All though i am well aware that this has bin done for ages, it seems that many times i have heard directors talk about it it has tended to be downplayed as a handy extra but not as extremely important feature, except maybe for action sequences, which is not what im talking about. Can anyone with experience comment on the pros and cons of shooting with two cameras, what possible problems there are and how it relates to overlapping action.

Many thanx

Jon

rsbush
01-11-2006, 07:31 AM
The major obstacle is lighting. It's takes much more time to light for more than one camera and even if you give it the time it requires you don't have as much control.

Matthew B. Moore
01-11-2006, 09:40 AM
It really depends on what you are after. We will often set out with the use of one camera in mind, but take the 2nd and run it durring the take just to pick up that little extra tid-bit that you might need for editing. Put the more creative framer on the 2nd camera. Let them know the boundaries of the primary camera, then cut them loose. I love having extra footage. We do a lot of combat type stuff and we alway run 1 or 2 extra cameras when shooting that kind of thing.
Alot depends on style and the way you like to edit.
It helps when your ops know each other and know to look to each other for boundaries.
I've found it very helpful in getting reactions shots.

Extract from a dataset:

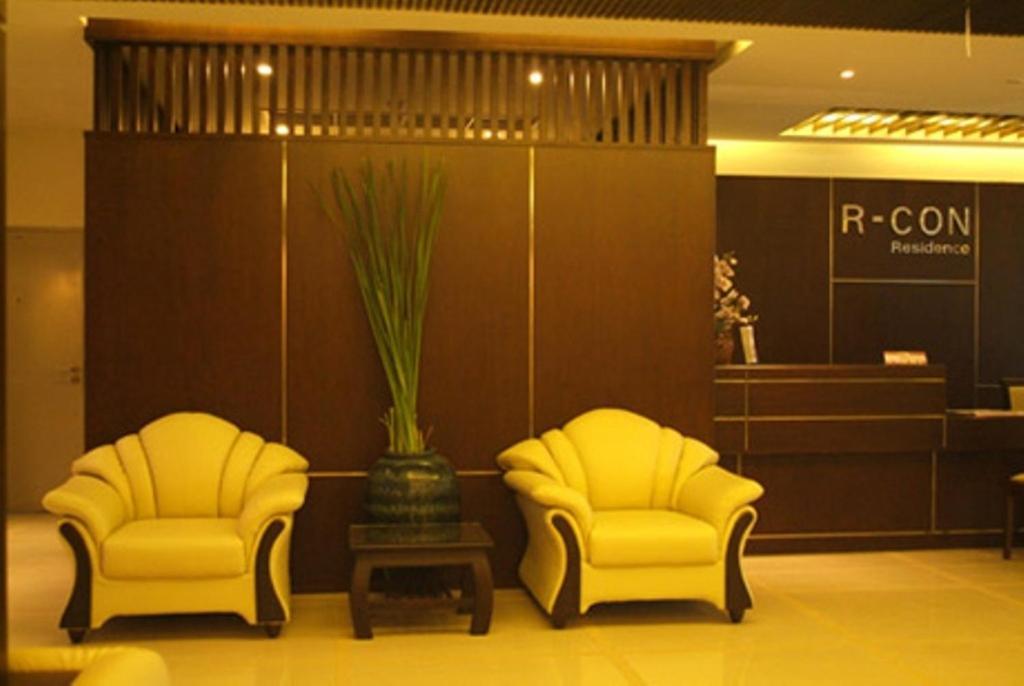 R-Con Residence Pattaya Bagian luar foto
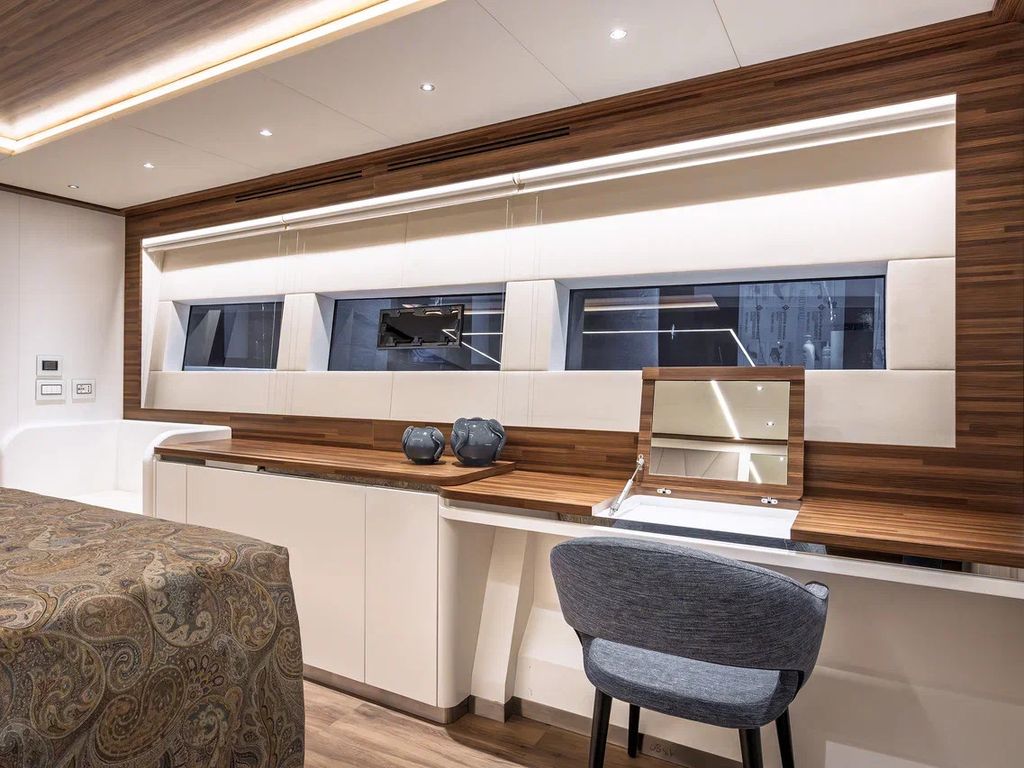 Boat picture 39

When I'm directing, I'll have an extra camera standing by in case something catches my eye.

The biggest con can be time if you are trying to stucture the two cameras to get a specific thing. Keep it more fluid and I think the biggest hastle will be an occasional peep at the other op out of the corner of the frame or a shadow.
It's all in the placement and communication.

Jon Oskar
01-11-2006, 10:43 AM
Interesting points, can anyone elaborate on why it is more hard to light.

Matthew B. Moore
01-11-2006, 10:48 AM
I don't think lighting a 2 cam shoot is any different than if you were lighting for one. Watch th lens flairs and shadows. Keep an eye on the lighing comp if you cross to the other side of the orginally designed shot. You may not get the best look if you stray too far from the cam 1 comp.

spidey
01-11-2006, 11:19 AM
yea best thing i can say in agreeance with matt is make sure you got a camera operator who can give the same look as the other. it can be harder in faster production i guessing its not so much in productions you have lots of time on.

Jon Oskar
01-11-2006, 11:59 AM
is there a problem cutting together footage from a two camera shoot, what is there to be aware of?

spidey
01-11-2006, 12:02 PM
not really its jst how each compositiion. fit to one another.

Matthew B. Moore
01-11-2006, 12:06 PM
is there a problem cutting together footage from a two camera shoot, what is there to be aware of?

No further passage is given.